Testing Bodhi Linux 6.0

Bodhi Linux 6.0
Still searching for a decent lightweight Linux for older machines, I'm now testing Bodhi Linux 6.0 in a virtual machine.

Bodhi (Sandskrit for enlightenment) Linux is a lightweight Debian/Ubuntu-based (18.04) distribution. Offering modularity, high levels of customisation, and choice of themes, it joins the ranks of other 'minimalist' Debian/Ubuntu derivatives. 

Bodhi releases come in several editions, including Standard (64-bit) and Legacy (32-bit) which are minimalist, installing only a web browser, terminal, file manger, text editor and photo GUI applications. The AppPack edition includes more applications and tools preinstalled.
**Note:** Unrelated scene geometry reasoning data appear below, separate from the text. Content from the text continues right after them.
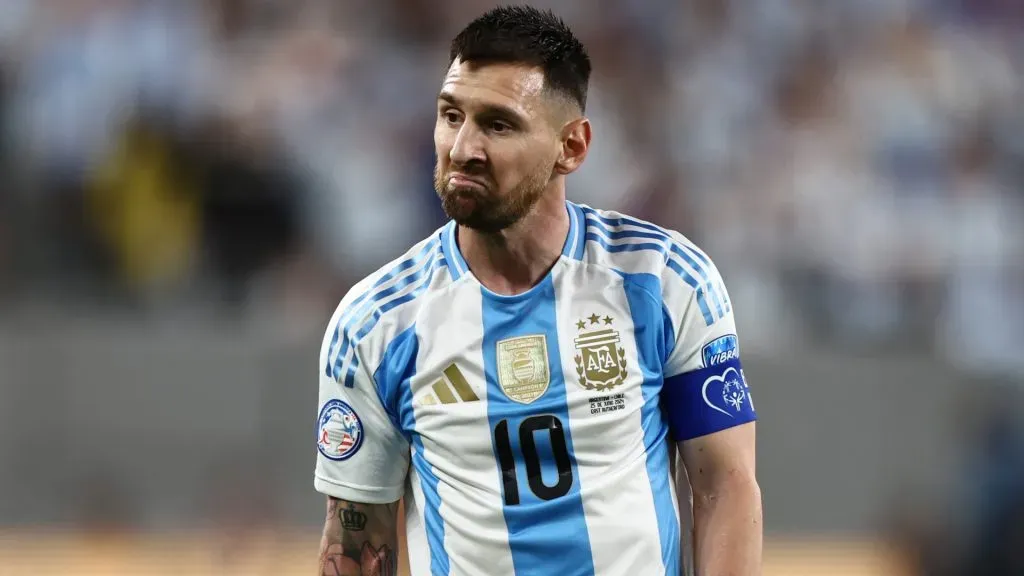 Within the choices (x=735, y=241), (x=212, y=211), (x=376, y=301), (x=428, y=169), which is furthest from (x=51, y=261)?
(x=376, y=301)

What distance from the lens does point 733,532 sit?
2732 mm

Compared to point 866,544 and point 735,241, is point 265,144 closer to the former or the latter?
point 735,241

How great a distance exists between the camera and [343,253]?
6.07 meters

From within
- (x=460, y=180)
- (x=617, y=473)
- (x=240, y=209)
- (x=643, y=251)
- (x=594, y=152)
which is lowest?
(x=617, y=473)

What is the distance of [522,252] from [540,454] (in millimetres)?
432

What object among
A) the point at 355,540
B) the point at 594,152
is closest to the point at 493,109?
the point at 355,540

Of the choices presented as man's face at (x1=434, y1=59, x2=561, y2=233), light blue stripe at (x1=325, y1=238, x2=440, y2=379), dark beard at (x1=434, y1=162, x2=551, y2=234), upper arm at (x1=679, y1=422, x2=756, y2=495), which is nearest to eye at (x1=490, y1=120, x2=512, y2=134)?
man's face at (x1=434, y1=59, x2=561, y2=233)

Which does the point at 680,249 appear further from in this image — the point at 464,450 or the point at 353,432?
the point at 353,432

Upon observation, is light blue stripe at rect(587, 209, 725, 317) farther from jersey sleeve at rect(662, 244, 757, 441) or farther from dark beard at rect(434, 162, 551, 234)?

Additional software can be added with Bodhi's web-based AppCenter.

For the desktop environment we have Moksha, a cleaned-up and re-finished version of Enlightenment-17 with the best bits of E-18 and E-19 added (the lead developer is apparently not a fan of the newer E's).
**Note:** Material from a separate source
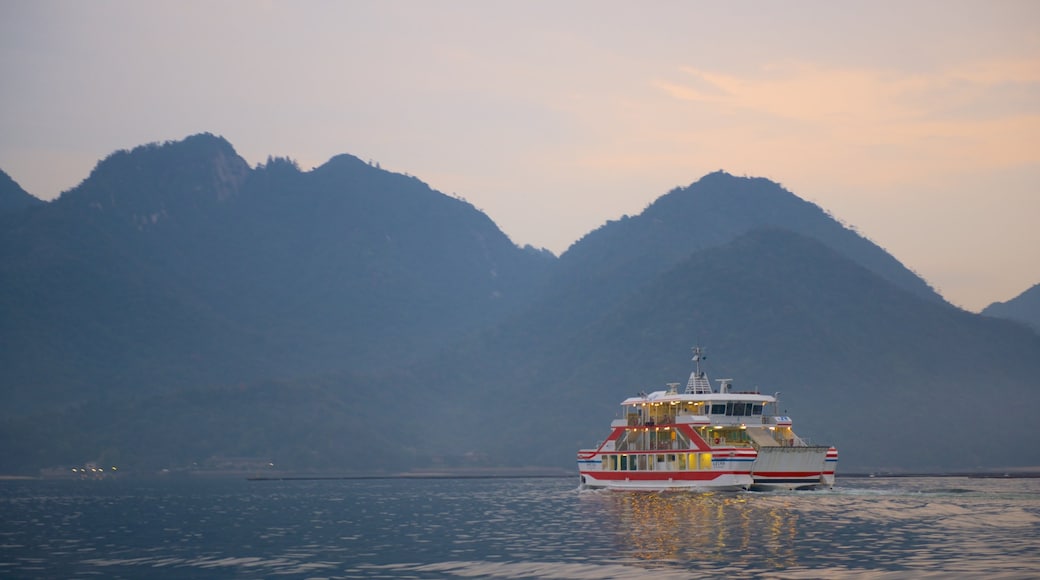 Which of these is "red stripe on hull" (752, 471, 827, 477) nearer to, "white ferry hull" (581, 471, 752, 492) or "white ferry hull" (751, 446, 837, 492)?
"white ferry hull" (751, 446, 837, 492)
Straight off the ISO image, the Bodhi 6.0 default application set includes:

  •     Terminology (terminal emulator)
  •     Chromium (web browser)
  •     Leafpad (text editor)
  •     ePhoto (image viewer)
  •     Thunar (file manager)
  •     Synaptic (package manager)
  •     Gnome language selector
  •     aRandr Monitor Settings
  •     Pavucontrol Pulse Audio Control

Terminology has to be the flashiest bit of terminal-bling I've seen in any Linux with all manner of GUI effects. The Midori web browser has been replaced in this release by Chromium, which is a bit of a contradiction of 'minimalist.'

Otherwise this app set is fine; definitely lightweight and uncontroversial.

Moksha is also Sanskrit for “emancipation, liberation, or release.” No hidden agendas here. Described as 'elegant' the default Moksha themes are an acquired taste that I haven't yet, erm, acquired. The desktop itself is responsive and sensible with a Gnome-like panel and menu system that echoes LXLE, Xubuntu and others.

The installer is standard fare and got everything up and running in quick time.

Other than getting it working under VirtualBox and finding a honking lump of Chromium in a 'lightweight' distro, that's all I've had time for as yet.

There's much more to discover in Bodhi, but will it lead me to enlightenment?